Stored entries
========
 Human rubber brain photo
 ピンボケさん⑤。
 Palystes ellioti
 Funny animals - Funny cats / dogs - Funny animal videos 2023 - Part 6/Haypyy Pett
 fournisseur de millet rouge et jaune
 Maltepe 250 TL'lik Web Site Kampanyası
========
- Instructions for the task -
Having read the records above, reproduce each one exactly.

- Reply to the exercise -
 Human rubber brain photo
 ピンボケさん⑤。
 Palystes ellioti
 Funny animals - Funny cats / dogs - Funny animal videos 2023 - Part 6/Haypyy Pett
 fournisseur de millet rouge et jaune
 Maltepe 250 TL'lik Web Site Kampanyası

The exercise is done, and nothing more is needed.